DESCRIPTION (provided by applicant): Candidate. The candidate, David L. Allen, Ph.D., is a research associate with extensive experience in both physiology and molecular biology. Dr. Allen's past and current research has focused on the cellular and molecular mechanisms underlying skeletal muscle adaptation in animals. His immediate career goal is to acquire any and all research and professional skills necessary for achieving his long-term goal of developing an independent, extramurally-funded translational research program focusing on the molecular mechanisms underlying exercise adaptation in both animals and humans. The proposed development plan will provide Dr. Allen with the additional experience and training necessary to achieve this goal. Career Development plan. Dr. Allen's proposed training activities consist of: (1) acquiring new research skills associated with the proposed research plan; (2) structured activities including attendance and presentation at journal clubs, colloquia, and national and local scientific meetings, and regular interactions with his mentoring team. Environment. The primary sponsor, Dr. Douglas Seals, is an extramurally funded scientist with a record of mentoring and two decades of experience in human exercise research; the co-sponsors provide guidance in specific components of the research plan, including muscle physiology, molecular biology, and genetics. Research.

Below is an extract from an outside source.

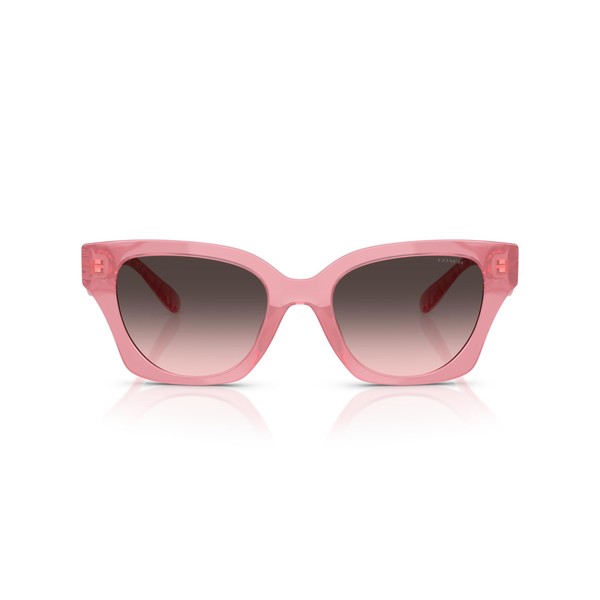 Coach Women's HC8418U Universal Fit Butterfly Sunglasses, Milky Pink/Grey Pink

The hypotheses to be tested in this proposal are the following: (1) increased expression of matrix metalloproteinases (MMPs) is a central component of eccentric exercise-induced muscle damage and/or repair; (2) variations in transcription as a consequence of promoter polymorphisms in the MMP genes are responsible for at least part of the variation in muscle damage and soreness in humans following eccentric exercise. Systemic and muscle MMP levels will be assessed in human subjects following a bout of eccentric exercise and will be correlated with indices of muscle damage and muscle soreness. In addition, pharmacological and genetic manipulations will be used in mice to directly evaluate the causal role of MMPs in muscle damage and repair. Finally, subjects will be genotyped for known functional MMP promoter polymorphisms, which will be correlated with MMP levels and muscle damage and soreness following eccentric exercise.

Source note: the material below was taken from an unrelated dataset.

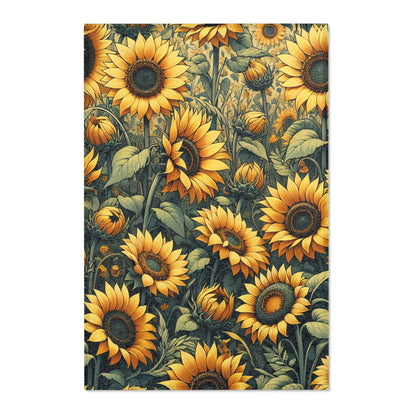 Sunflowers Area Rugs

描述(由申请人提供)：候选人。候选人戴维·L·艾伦博士是一名研究助理，在生理学和分子生物学方面都有丰富的经验。艾伦博士过去和现在的研究主要集中在动物骨骼肌适应的细胞和分子机制上。他目前的职业目标是获得所有必要的研究和专业技能，以实现他的长期目标，即开发一个独立的、由外部资金资助的翻译研究项目，专注于动物和人类运动适应背后的分子机制。拟议的发展计划将为艾伦博士提供实现这一目标所需的额外经验和培训。职业发展计划。艾伦博士建议的培训活动包括：(1)获得与建议的研究计划相关的新研究技能；(2)有组织的活动，包括出席期刊俱乐部、学术讨论会和全国和地方科学会议，以及与他的指导团队的定期互动。环境主要赞助人道格拉斯·西尔斯博士是一位外部资助的科学家，有指导记录和二十年的人类运动研究经验；联合赞助商在研究计划的特定部分提供指导，包括肌肉生理学、分子生物学和遗传学。研究。这一建议中要检验的假设如下：(1)基质金属蛋白酶(MMPs)的表达增加是离心性运动诱导的肌肉损伤和/或修复的中心组成部分；(2)由于基质金属蛋白酶基因启动子的多态导致的转录变化至少部分地导致了人体离心性运动后肌肉损伤和酸痛的变化。全身和肌肉中的基质金属蛋白酶水平将在一轮离心性运动后在人体内进行评估，并将与肌肉损伤和肌肉酸痛的指数相关联。此外，还将在小鼠身上进行药理学和遗传操作，以直接评估MMPs在肌肉损伤和修复中的因果作用。最后，受试者将接受已知功能性基质金属蛋白酶启动子基因多态的基因分型，这将与基质金属蛋白酶水平以及离心运动后的肌肉损伤和酸痛相关。